WARRNAMBOOL building designer Dean Picken has taken out the state’s top industry award for a coastal home design in Port Fairy.
Six building projects in Warrnambool and three firms were nominated for the Building Design Association of Victoria (BDAV) awards held in Melbourne on Saturday.
Mr Picken, Designers by Nature’s chief designer, won three prizes for a Port Fairy home (pictured above), including best use of glass, best residential design from $500,000 to $1 million, and the top prize – building design of the year.
Form & Function’s Donna Monaghan won a non-residential design award her work on the refurbished Koala Childcare and Early Learning Centre on Lava Street.
Mr Picken said the recognition showed a change in how the industry viewed design concepts.
"They're looking at sustainability and good environmental housing that's well thought-out and designed in response to the site,” he said.
"Warrnambool is batting above its average to take down three top prizes.
“We're raising the bar and doing good quality work.
"For a small town with limited scope, limited sites and limited budget, it's fantastic.”
Mr Picken said the biggest challenge he faced with the Port Fairy design was integrating the development into the rugged environment and providing sweeping views of the southern ocean, while protecting it from the elements.

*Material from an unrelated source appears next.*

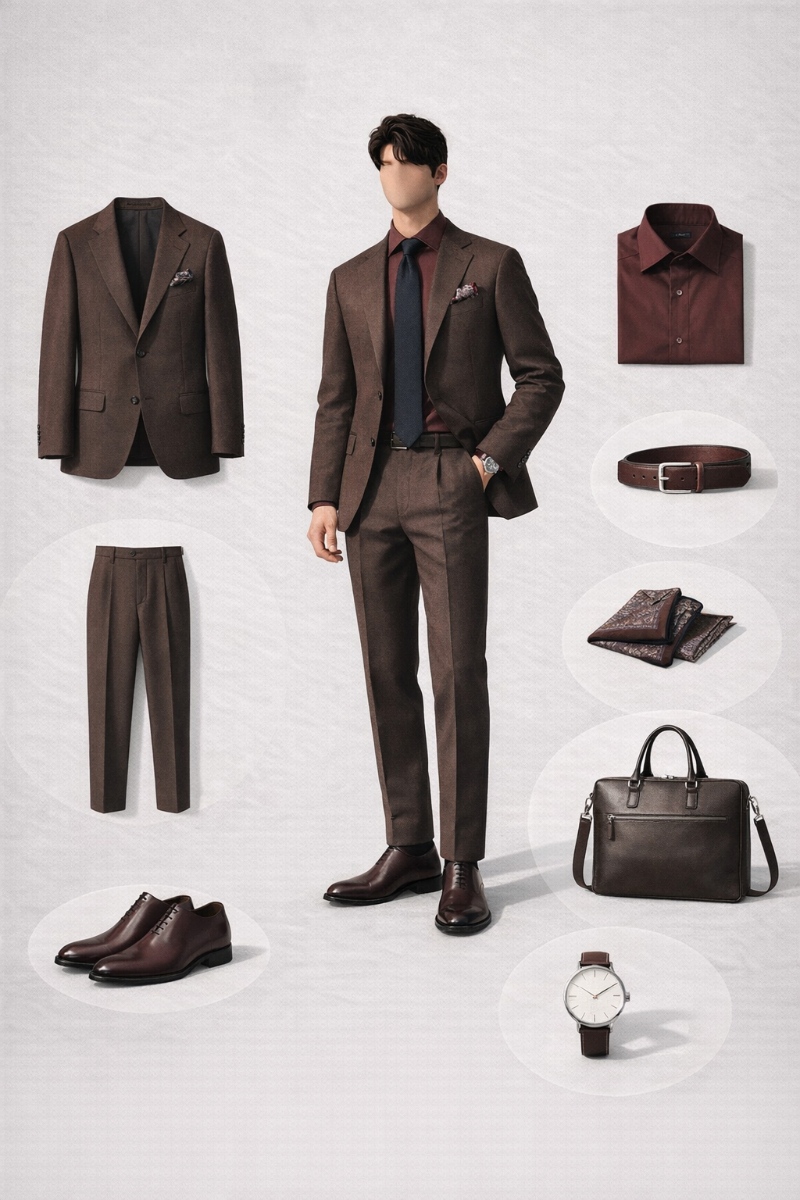 brown suit with burgundy shirt 6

Mrs Monaghan said she was pleased the district had been recognised with awards against tough metropolitan competition.
"It was inspiring to see other Warrnambool designers in the city and it's motivating to see the work they're producing,” she said.
"Dean and I were both high-fiving each other and thinking it was a good thing to get past the Westgate Bridge and showcase some properties in south-west Victoria.

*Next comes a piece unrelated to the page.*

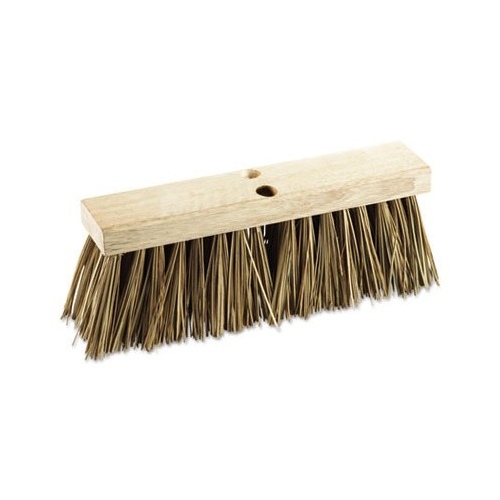 DQB 08502 Street Broom Palmyra Bristles 16" x 6.25" with Wood Block Head Brown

“It’s a great thing for Warrnambool.”
She said the refurbished childcare centre project was recognised for preserving the 19th century building’s heritage in a sustainable way.
The building was previously home to the offices of South West Healthcare’s mental health service.
“We were appointed with the challenge of fitting 103 children in the building without extending anything,” she said.
“It was my goal to remove its institutionalised feel and make the history of the building shine, but also make it feel warm and friendly for children, parents and staff.
“They were impressed by our ability to be sustainable with an existing building, which could have easily just been demolished, and gave it a new lease of life.”